Freelance Employment in Eastern Europe
Teaching English is not the only work available to Americans in Eastern Europe (though it is by far the most common source of employment in all of the four countries and thus the focus of this program).
If you want to look for other kinds of jobs, you must be more selective in your choice of destinations and more diligent in your job search. Yes, there are those who, with little preparation, are lucky to find positions in their chosen fields soon after their arrival, but they are the exception rather than the rule.
William Corley of Seattle related his early experience in the Czech Republic:
“I came to Prague to teach English, and then discovered that it wasn’t the best use of my time, so I moved on to a press agency. I corrected and proofread all the important documents in English. It was there that I began to study Czech. When I could make my own way with the language, I started to peruse the want ads in Annonce [Prague’s classified ad newspaper], and I found a job with an import/export company.”
The advantage that many skilled North American job applicants in Eastern Europe have over their native counterparts is greater experience with advanced technologies.

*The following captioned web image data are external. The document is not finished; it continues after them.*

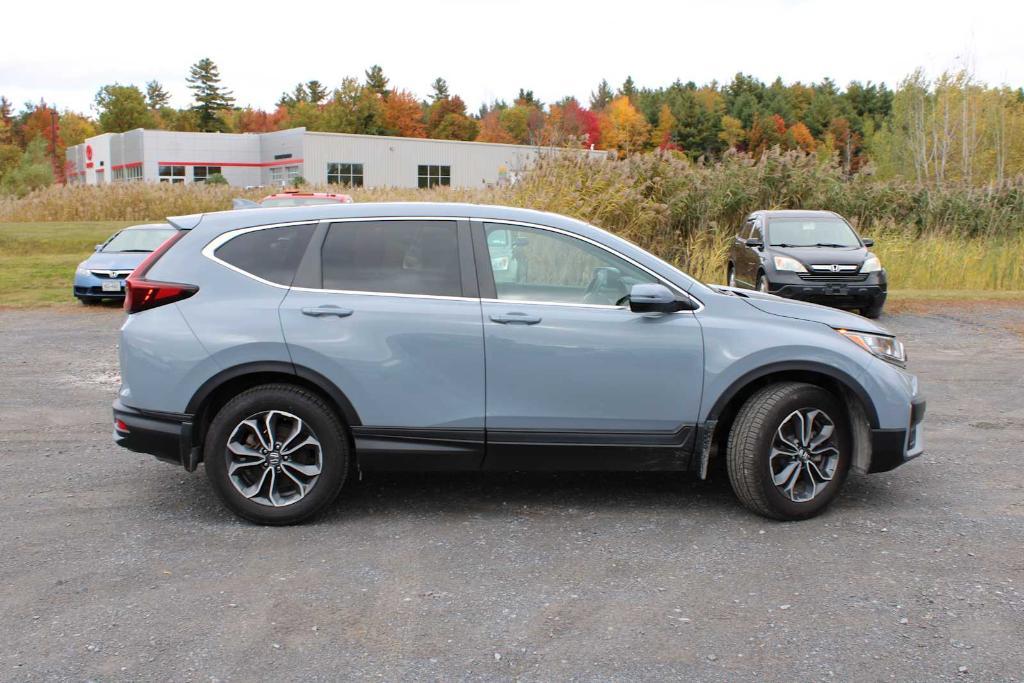 used 2022 Honda CR-V car, priced at $25,999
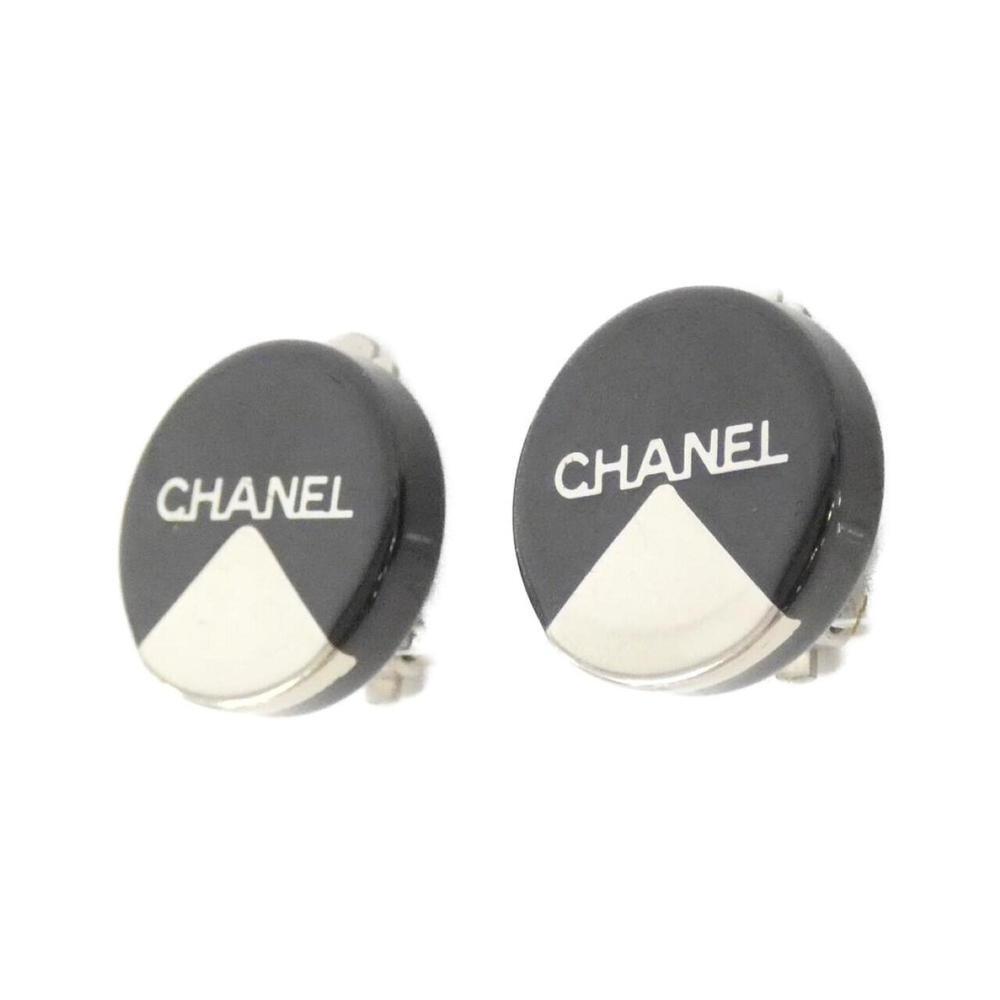 CHANEL Black Earrings - Picture 2 of 3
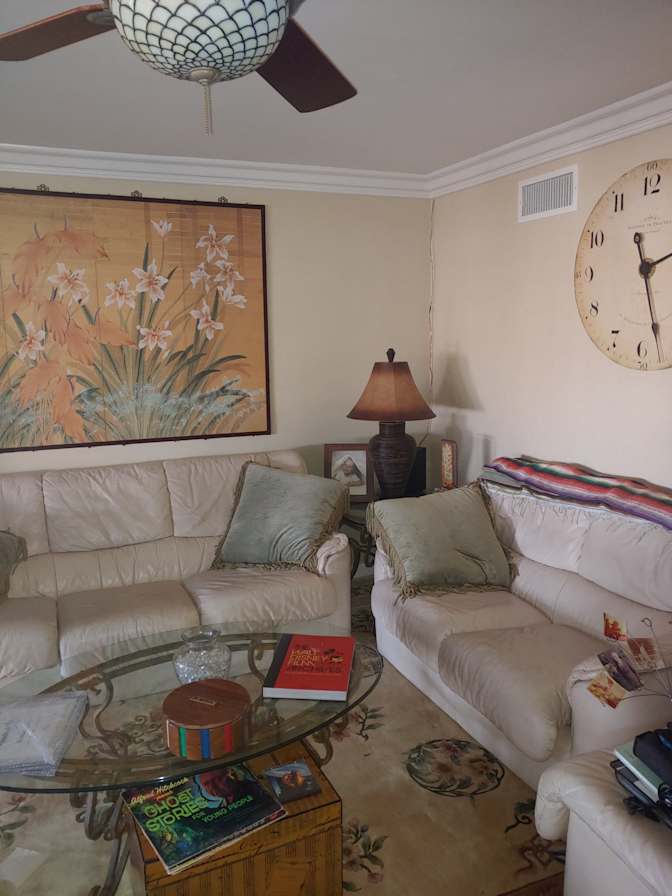 Doc's room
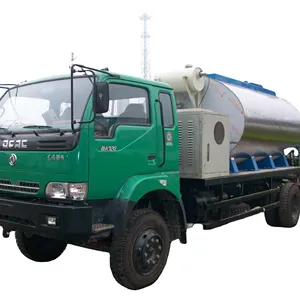 Roadbest China hersteller 5000L LB-S05 serie asphalt spray truck 2000L 5000L 8000L intelligenter asphalt verteiler für verkauf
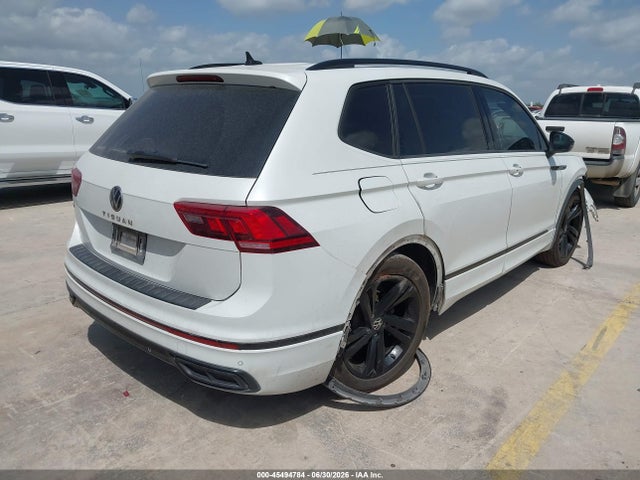 Продаж на аукціоні авто 2023 Volkswagen Tiguan 2.0t Se R-line Black, vin: 3VVCB7AXXPM074918, номер лоту: 45494784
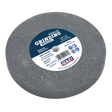 Sealey BG200/16 Grinding Stone 200 x 25mm 16mm Bore A36Q Coarse - BG200/16 - Sealey Tools UK - Workshop Tool Storage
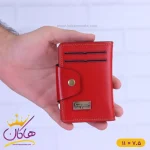 ست فراگامو کیف جاکارتی و جاکلیدی چرم 120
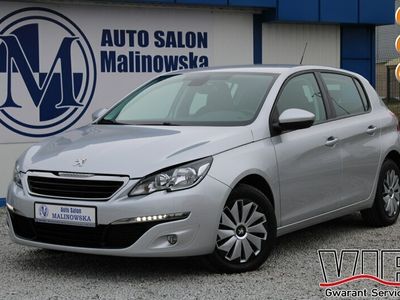 używany Peugeot 204 308 1.6dm 100KM 2016r.000km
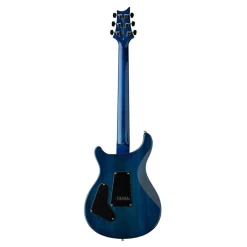 PRS SE Custom 24 08 Quilt - Lake Blue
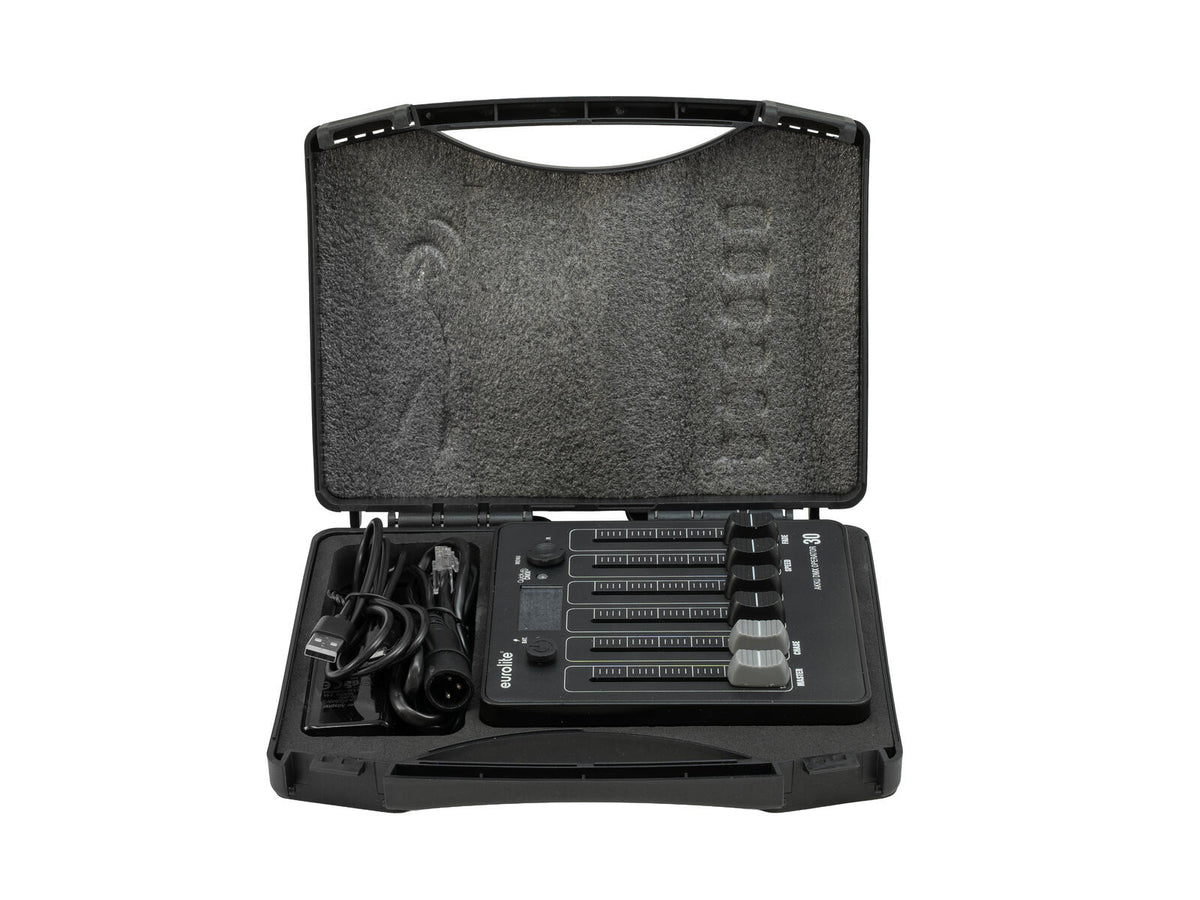 Eurolite AKKU DMX Operator 30 QuickDMX – Ansicht 4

The former Socialist regimes did not foster economic progress like their democratic, capitalist counterparts in the West.
Consequently, many skilled Eastern Europeans lag behind their Western colleagues in computer programming, advertising and marketing, and business management, to name a few areas. There are obstacles, though. Because of economic hardship and rampant unemployment in certain areas, it can be difficult to get formal residence status or a work permit, which makes finding work difficult, if not impossible. You will need to prove that you are not taking a job away from a Pole, a Hungarian, a Czech, or a Slovak. In other words, your prospective employer will have to document your unique skills in order to convince the rubber stamp-wielding bureaucrats down at the local city hall that your employment doesn’t translate into “one less job for a local.”